# Instructions for the task:
Beginning with the line that holds "Baguette loupe - Largeur" and ending with the last line of the entries, please output each line exactly, apart from any pictures.

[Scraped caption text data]
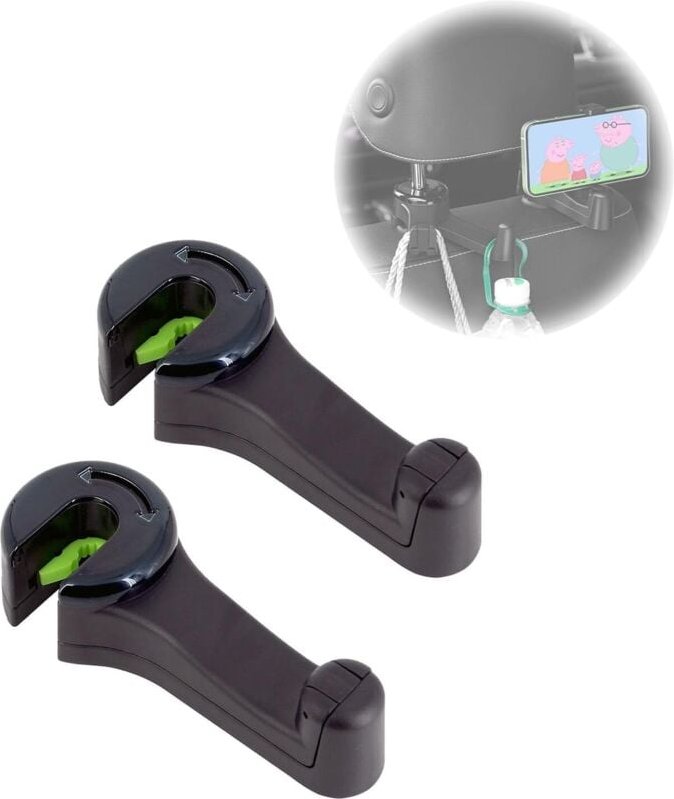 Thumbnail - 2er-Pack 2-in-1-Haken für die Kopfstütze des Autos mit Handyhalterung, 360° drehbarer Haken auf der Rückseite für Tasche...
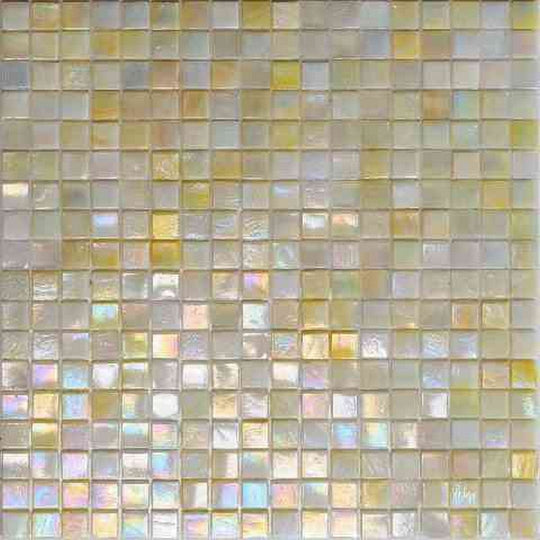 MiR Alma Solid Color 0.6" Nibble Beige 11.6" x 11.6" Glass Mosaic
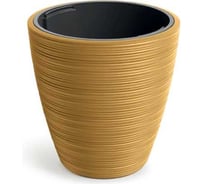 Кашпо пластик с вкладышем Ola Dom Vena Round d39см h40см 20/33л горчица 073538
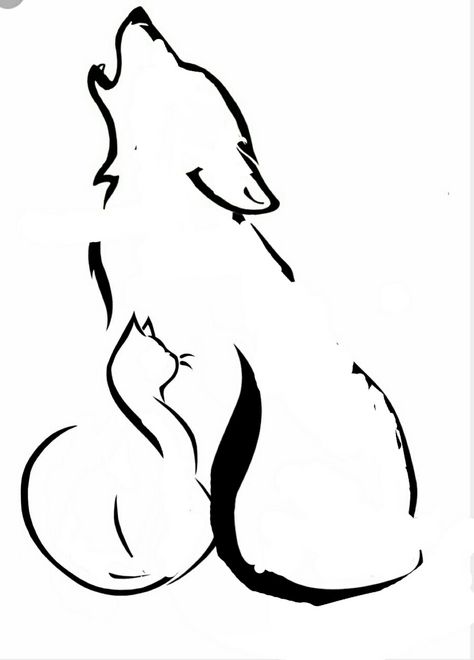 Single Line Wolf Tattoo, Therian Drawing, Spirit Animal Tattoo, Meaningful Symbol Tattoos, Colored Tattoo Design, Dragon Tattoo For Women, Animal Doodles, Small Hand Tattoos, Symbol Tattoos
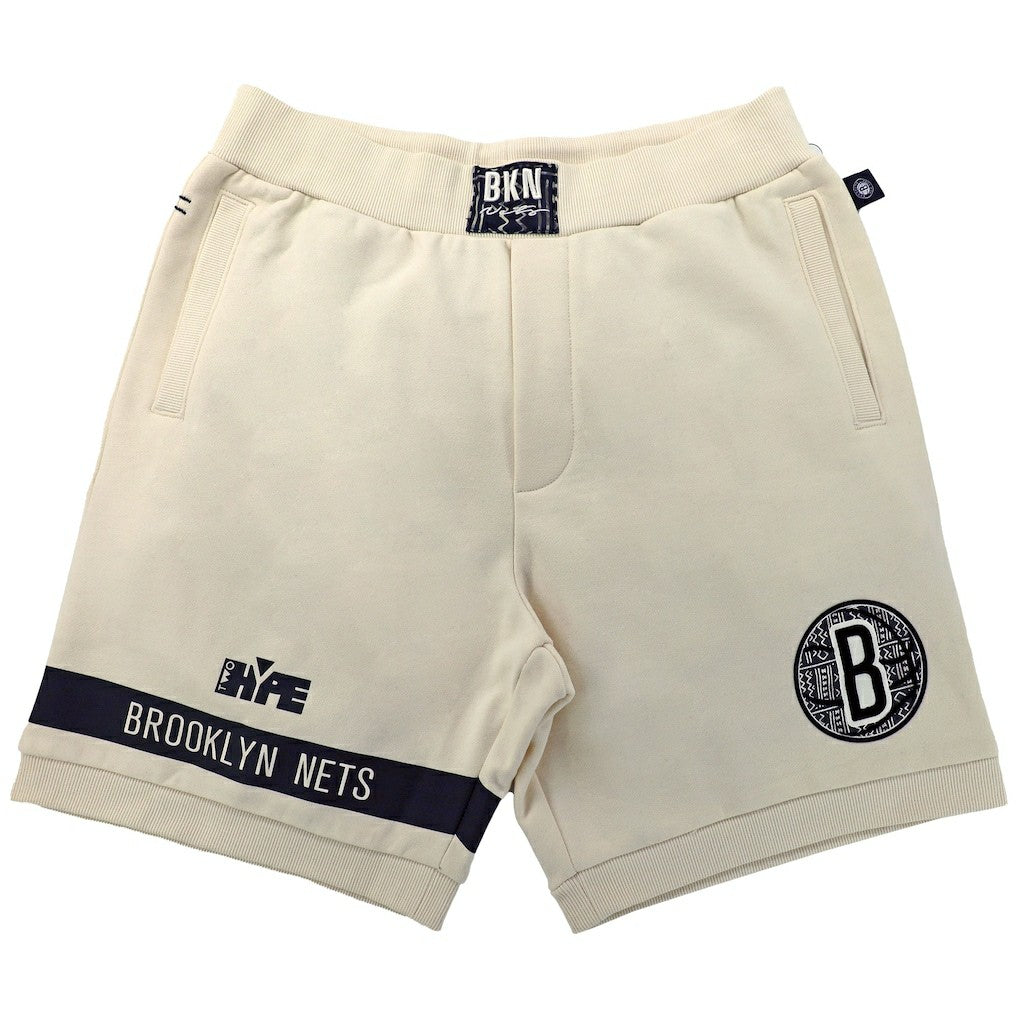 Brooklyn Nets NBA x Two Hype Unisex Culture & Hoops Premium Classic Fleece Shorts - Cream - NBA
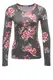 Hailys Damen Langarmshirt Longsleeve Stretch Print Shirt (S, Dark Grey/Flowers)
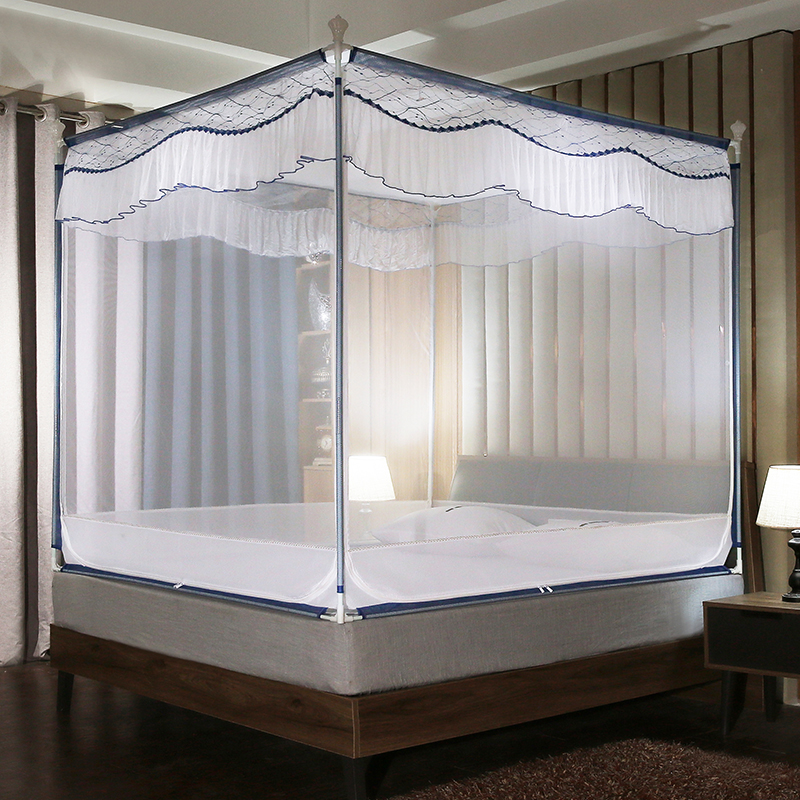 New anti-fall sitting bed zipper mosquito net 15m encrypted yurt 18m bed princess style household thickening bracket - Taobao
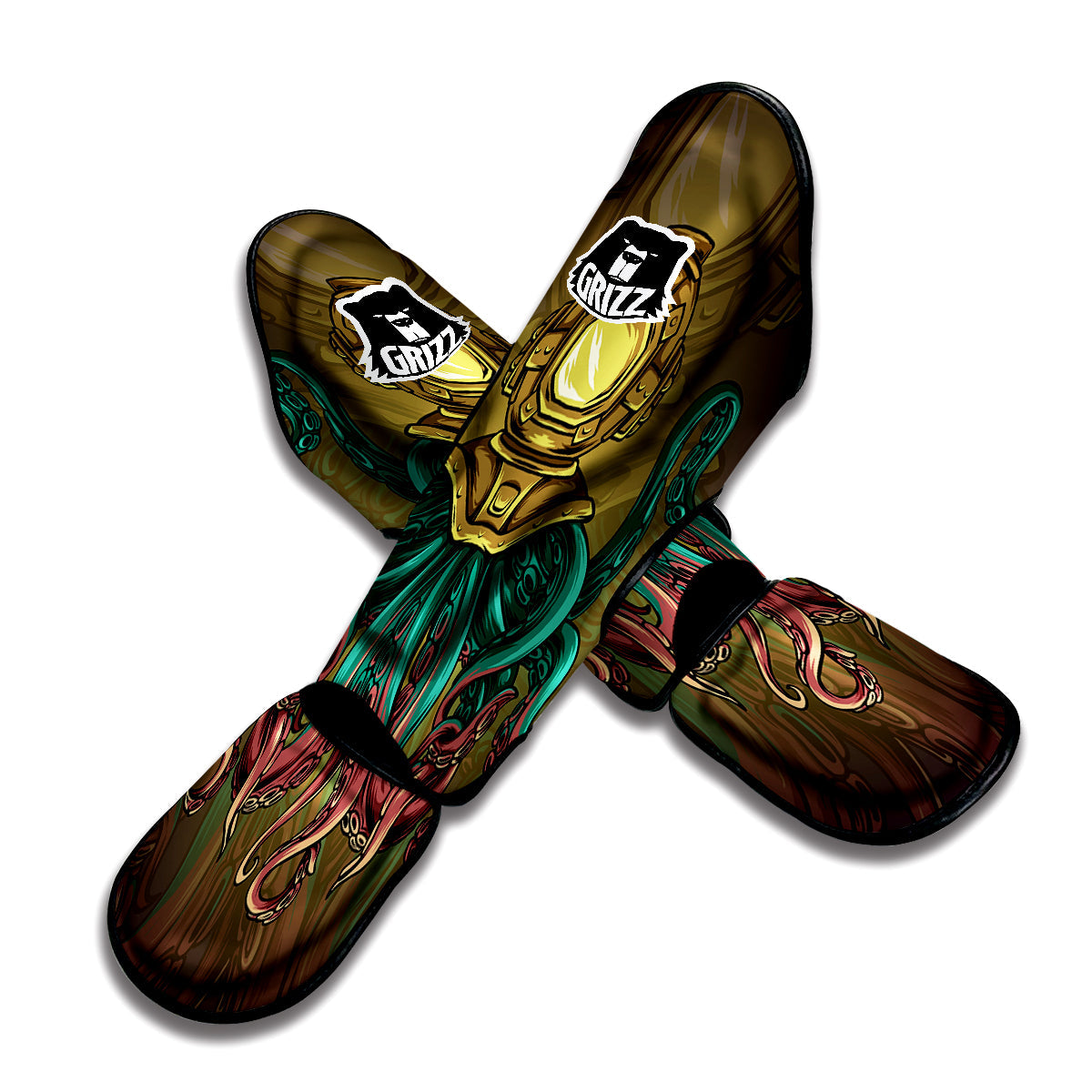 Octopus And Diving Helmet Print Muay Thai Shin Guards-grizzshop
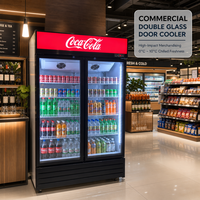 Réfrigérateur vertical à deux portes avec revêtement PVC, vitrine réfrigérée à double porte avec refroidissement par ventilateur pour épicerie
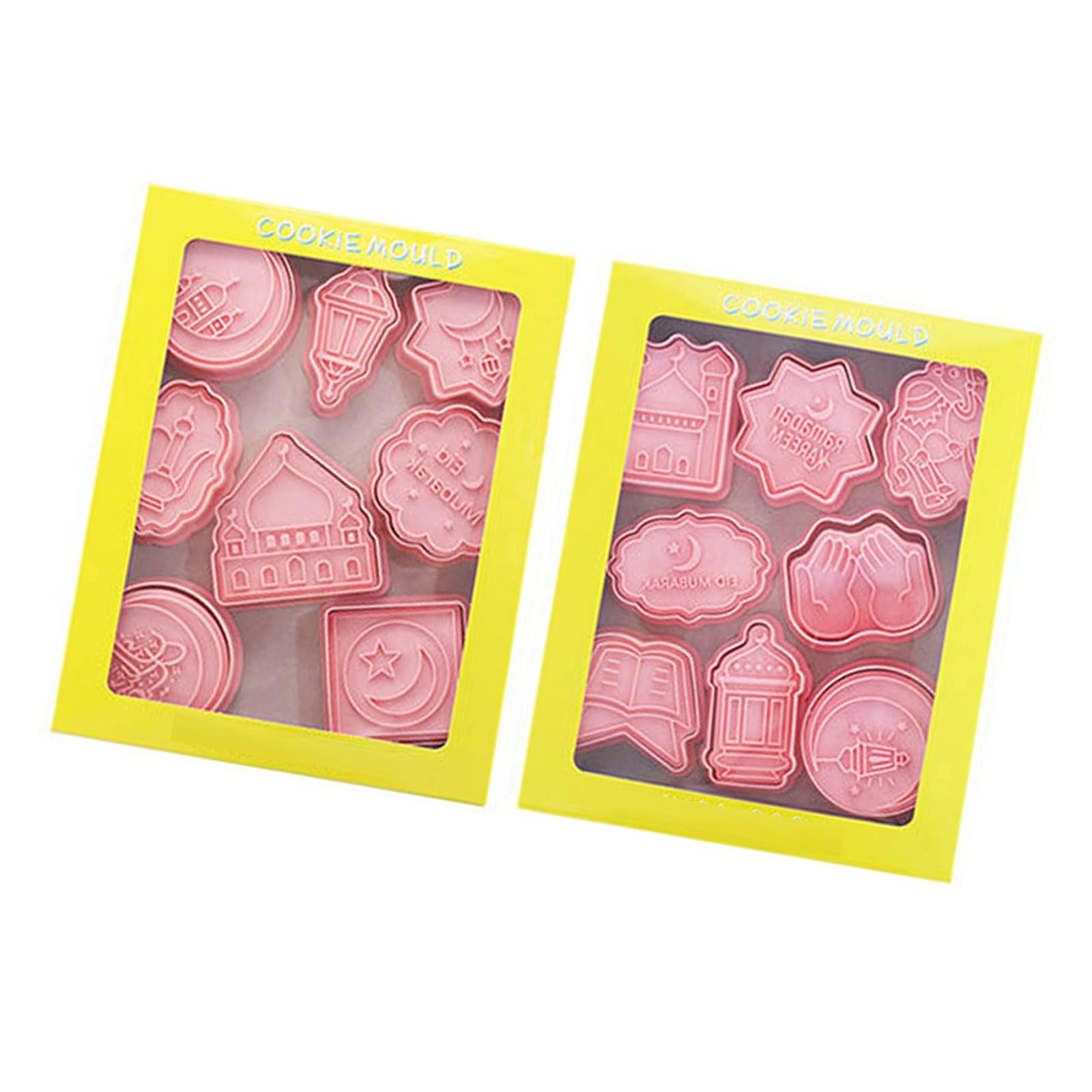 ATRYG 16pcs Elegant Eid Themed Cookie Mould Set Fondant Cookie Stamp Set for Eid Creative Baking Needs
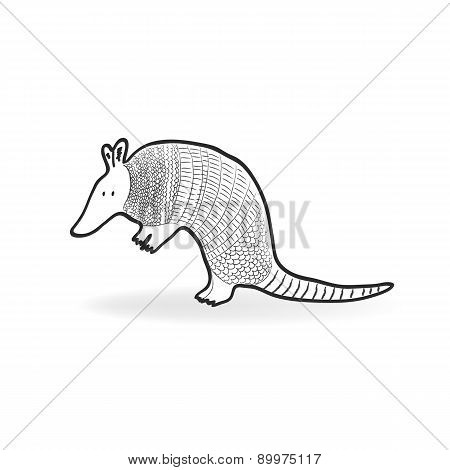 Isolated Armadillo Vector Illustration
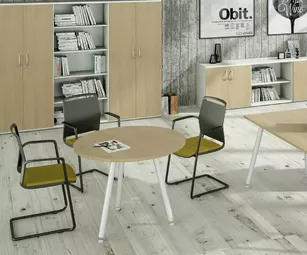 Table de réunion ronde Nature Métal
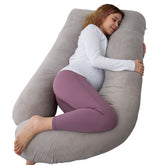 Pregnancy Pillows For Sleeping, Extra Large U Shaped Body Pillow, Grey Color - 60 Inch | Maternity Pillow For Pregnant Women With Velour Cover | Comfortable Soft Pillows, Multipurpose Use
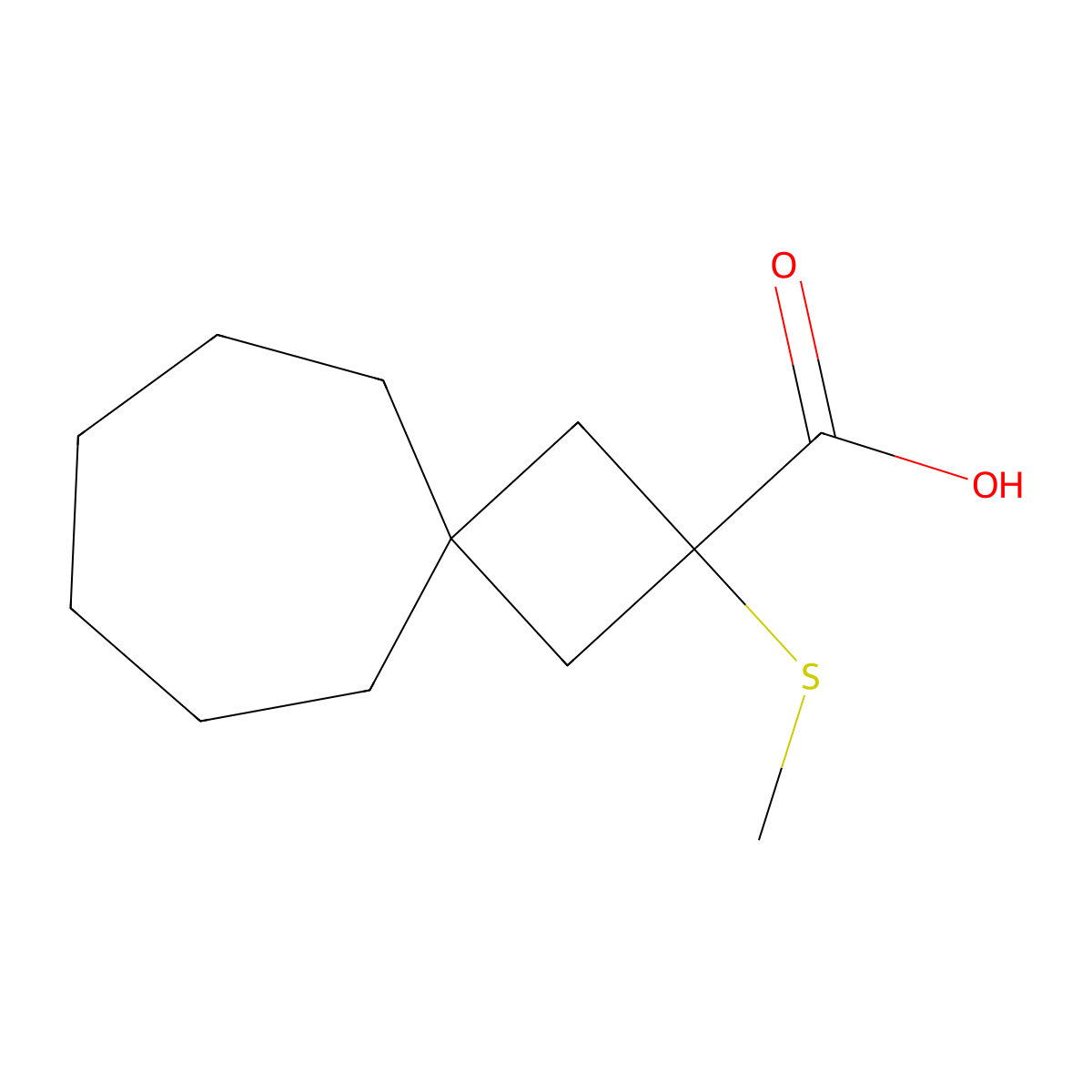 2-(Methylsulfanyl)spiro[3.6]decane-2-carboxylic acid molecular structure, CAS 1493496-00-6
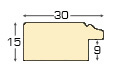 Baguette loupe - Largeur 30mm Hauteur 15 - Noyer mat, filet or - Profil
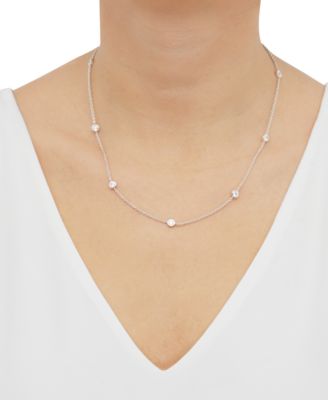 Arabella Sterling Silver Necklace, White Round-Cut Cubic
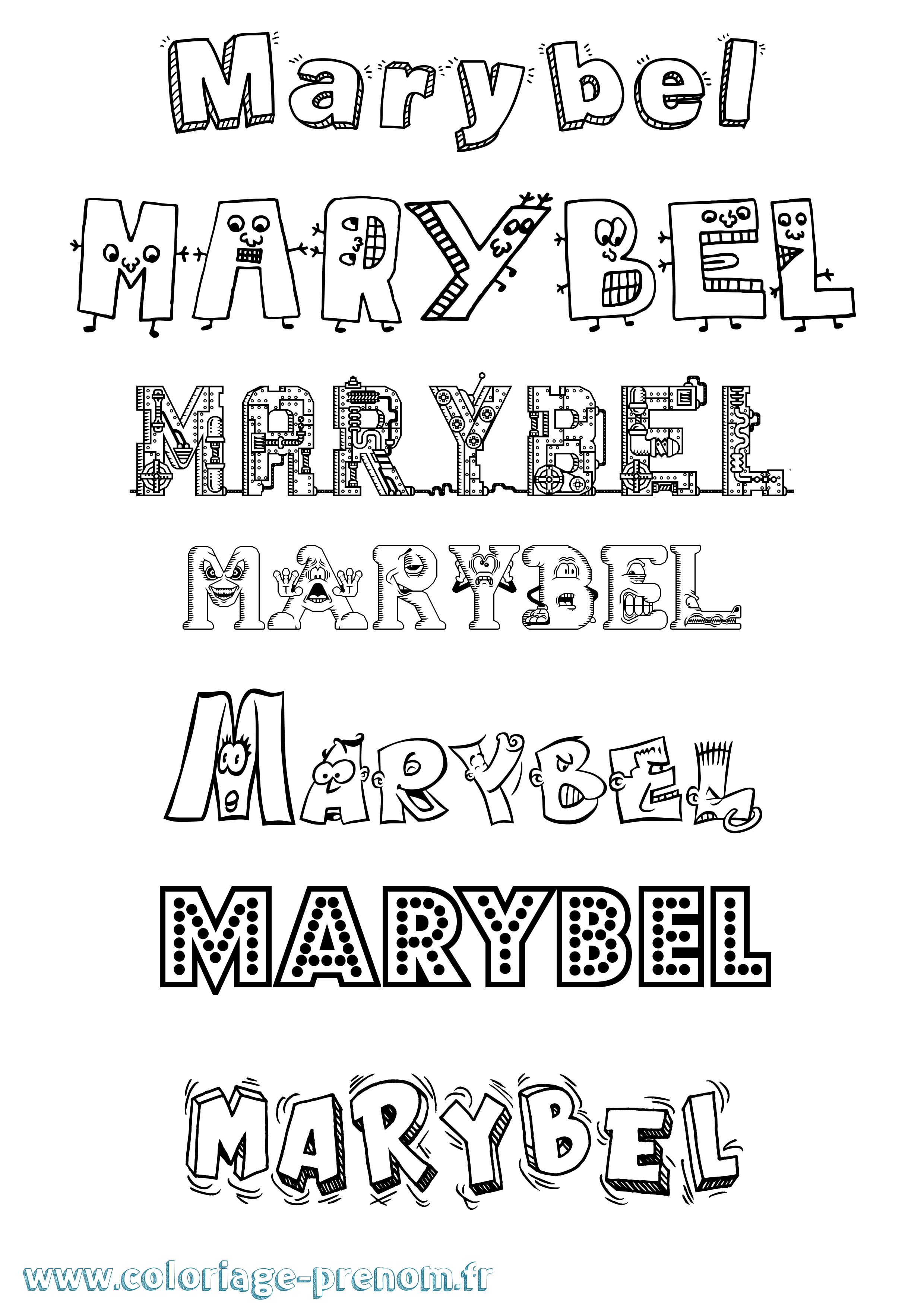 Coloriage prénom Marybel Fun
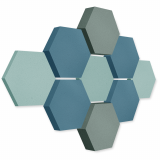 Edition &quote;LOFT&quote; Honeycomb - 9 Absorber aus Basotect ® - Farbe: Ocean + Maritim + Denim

# Solution to the exercise:
 Baguette loupe - Largeur 30mm Hauteur 15 - Noyer mat, filet or - Profil
 Arabella Sterling Silver Necklace, White Round-Cut Cubic
 Coloriage prénom Marybel Fun
 Edition &quote;LOFT&quote; Honeycomb - 9 Absorber aus Basotect ® - Farbe: Ocean + Maritim + Denim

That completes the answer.